Неужели вся жизнь — лишь перетекание соков из одного куска мяса в другой? Так быть не должно. Это было бы просто… нечестно, — дядя Женя достал из кармана заляпанной маслом военной куртки портсигар и спички, закурил. — Когда у Толи в больнице на прошлой неделе был, у меня вот здесь, — он прикоснулся к виску двумя пальцами, — застряли его слова: быстро в болезни забываешь, каково это — быть здоровым; да лучше и не вспоминать. Он еще пошутил, что скоро об этом с Овидием поспорит. Или с Вергилием. С кем-то из греков. Я не понял; чересчур культурные шутки у него… — он потянулся стряхнуть пепел в пластиковый стаканчик с водой, из-за чего образовалась драматическая пауза, — были.

Отец подхватил:

В последнюю ночь он ворочался, долго не мог уснуть — дали снотворного, заснул, наконец, в четвертом часу и во сне умер. Организм недаром не хотел засыпать, — родитель перевел грустный взгляд со дна рюмки на меня. — Сегодня на кладбище Толин отец рассказывал.

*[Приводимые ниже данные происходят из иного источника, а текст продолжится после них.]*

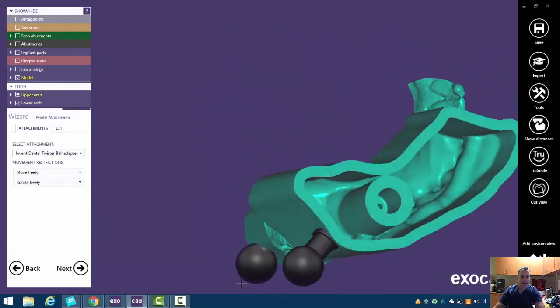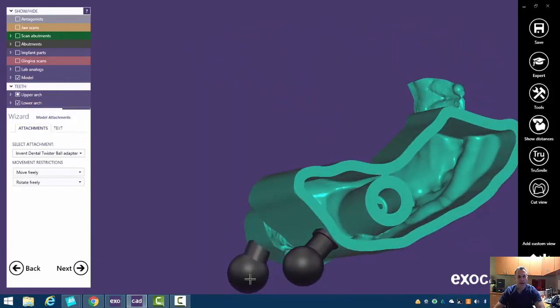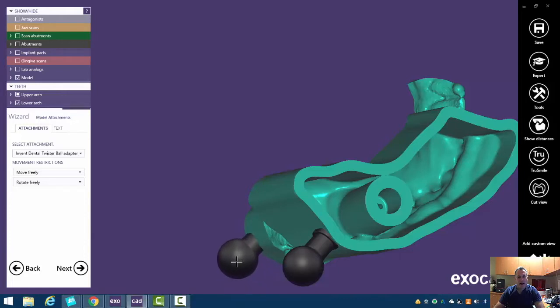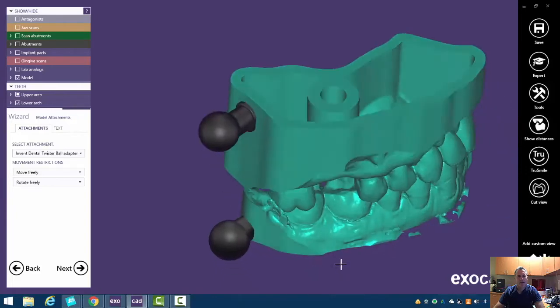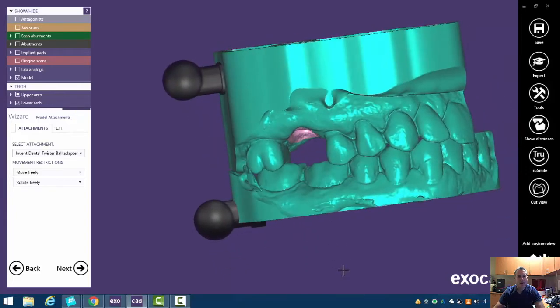The nice thing about it is since it's kind of a twister articulator, they don't have to line up exactly. We want them kind of in the same ballpark.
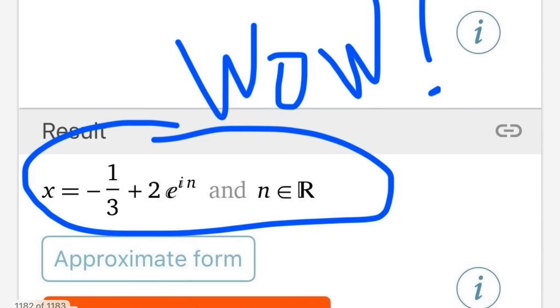But this is what I got — oh my goodness. It gives me x equals negative one-third plus two times e to the i·n power. What does that even mean? Well, I'll tell you: this is just all the complex solutions to that absolute value equation. Let's talk about how to solve it.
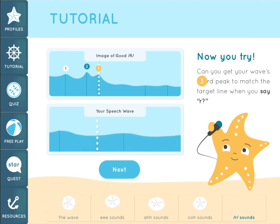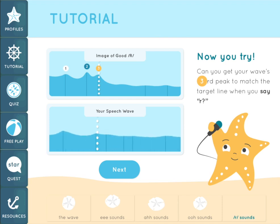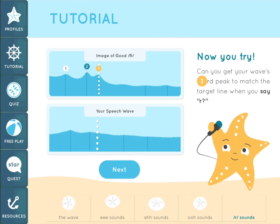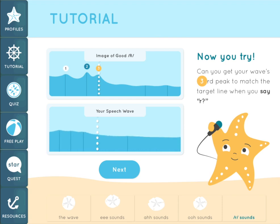Now I'm going to say a not-so-good R sound, and then transition into a really good R sound. Watch how the third peak starts out pretty far to the right during the incorrect R. Then, as the third peak moves to the left and gets very close to the second peak and the white line, the R begins to sound more correct.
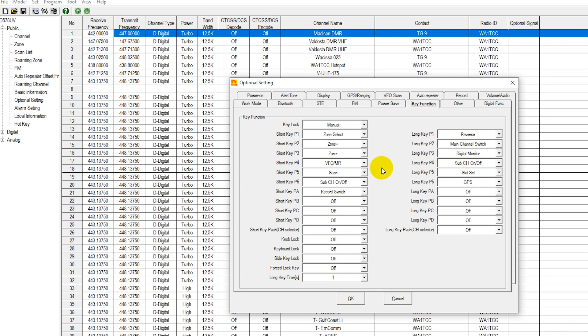The difference between short and long is if you push the button for about half a second you get the short function. If you push the P3 button for a couple of seconds you get the long function. The long functions are typically better as a toggle mode for monitoring modes.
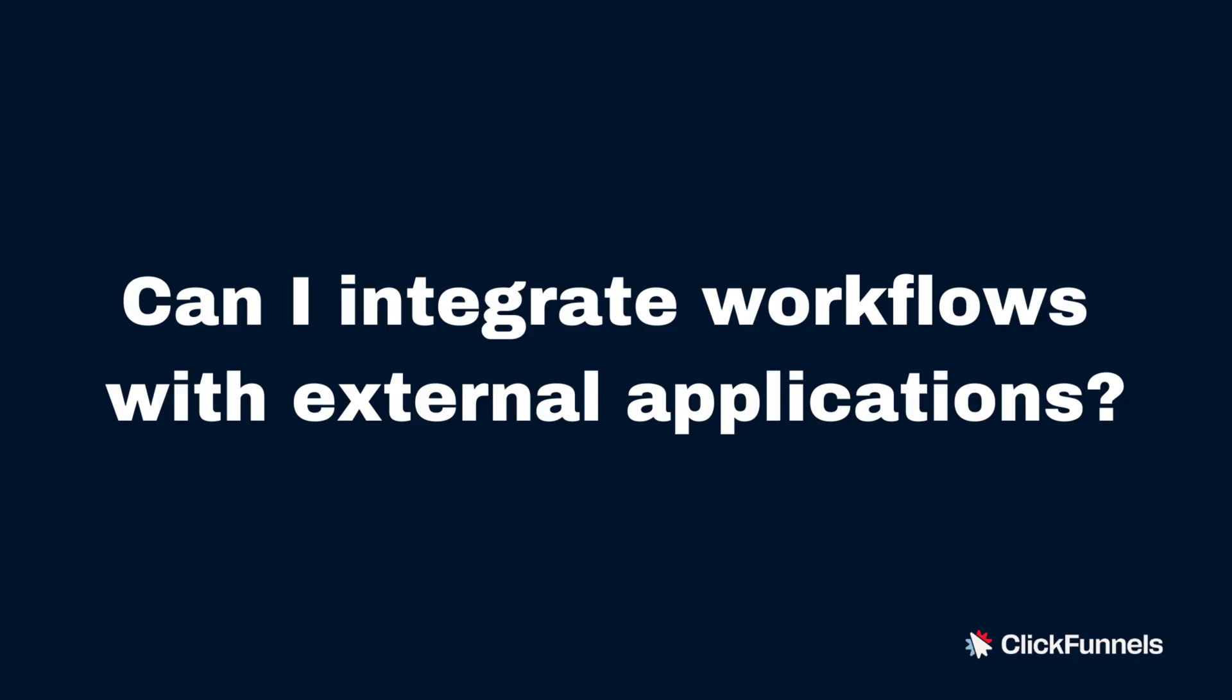Can I integrate workflows with external applications? Absolutely. ClickFunnels offers a wide range of integrations with various third-party tools.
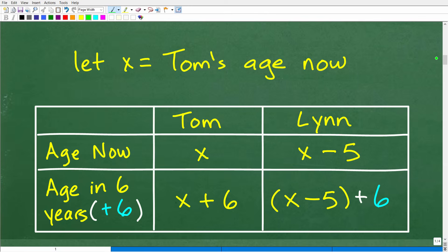One way to figure this out is to create a table — let's go ahead and create it, then talk about how to decide what the variable should be. The best way to do age problems is to have two columns: the current age, and then some other age in the future or past. In this case we're dealing with two different people, so we have two rows. If you had three different people, you'd have three rows.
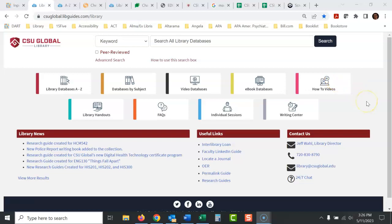Okay, let's talk about how in the world you actually find this database called Checkpoint. You're in a course, it's requiring you to use Checkpoint. Here's the library website. Okay, where is it?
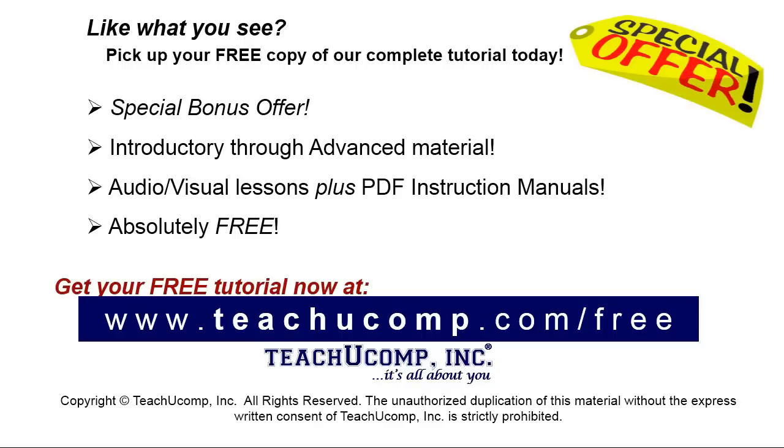Like what you see, pick up your free copy of the complete tutorial at www.teachyoucomp.com forward slash free.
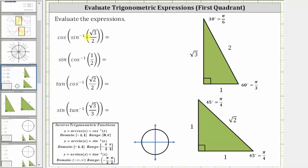We begin by simplifying the inner expression. Inverse sine of square root three divided by two is equal to the angle on the closed interval from negative pi over two to positive pi over two that has a sine function value of square root three divided by two. Having a sine function value of square root three divided by two should remind us of the 30-60-90 reference triangle shown here. So using this triangle, we need to find the angle that has a sine function value of square root three divided by two.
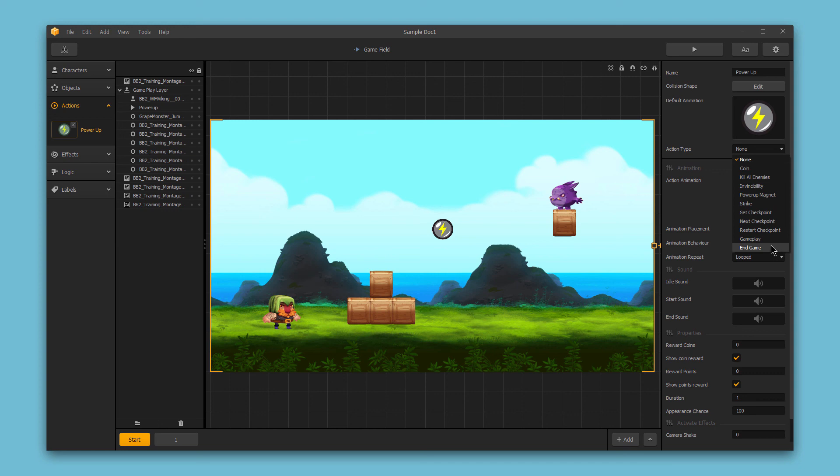So those are the basic options available for power-ups and in our next video we'll explore some of the more advanced options.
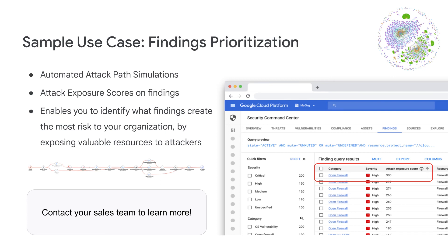In this video, let's dig into the use case of findings prioritization — what we want to do is to identify what findings create the most risk to your organization. The automated attack path simulations enable you to do exactly this: running simulations in the background, identifying all potential paths to your valuable resources, and providing attack exposure scores on findings based on to what extent each finding contributes to exposing valuable resources. This enables your team to distill which findings to focus on.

Схоронили старики обоих сыновей. Сами живы, остались одни — страшнее не придумаешь, — начал дядя Сережа, затем с улыбкой припомнил (он знал усопшего долее других — с самого детства) и продолжил: — Помню, еще в школе, остался как-то у Толи ночевать. Говорит: «В окне напротив женщина раздевается». Погасили свет в комнате, взяли бинокль. Наблюдаем каждый в свой окуляр. Вдруг позади нас дверь открывается — его мать. Толька мигом вскочил, распахнул форточку и замахал руками. Ничего не понимаю, мать также; спрашивает: «Что вы тут такое делаете в темноте?..» А он: «Да комаров выгоняем»… Да…

Рассказ дяди Сережи, столь же юмористический по содержанию и безрадостный по тону, прозвучал следом:

На свадьбе, помните, мы на руки Толю подняли, раз бросили. Та сторона чересчур сильно подкинула жениха, и он прямо на нас приземлился, повалил всех с ног, будто кегли. Гости на нас, дураков, косились, мы же хохотали на полу, красивые и не седые, нетрезвые и радостные… С возрастом верится, что молодость счастливой была, даже дурное оттуда — несерьезно и мило. Пожалуй, тогда не все обстояло настолько хорошо, да ведь неспроста верится.

Веселые воспоминания в скорби наводят особую печаль, и мужчинам стало еще грустней. Замолчали. Я отвернулся от стола. Черные листья ивы устали за знойный день и шелестели вяло, еле слышно, не желая привлекать внимание. Ивовый куст мы с отцом выкорчевали на следующий год. С причудливым самозабвением перерубили цепкие корни, затем, кряхтя, подняли из ямы пень с корневищем, залили бензином и за двое суток сожгли…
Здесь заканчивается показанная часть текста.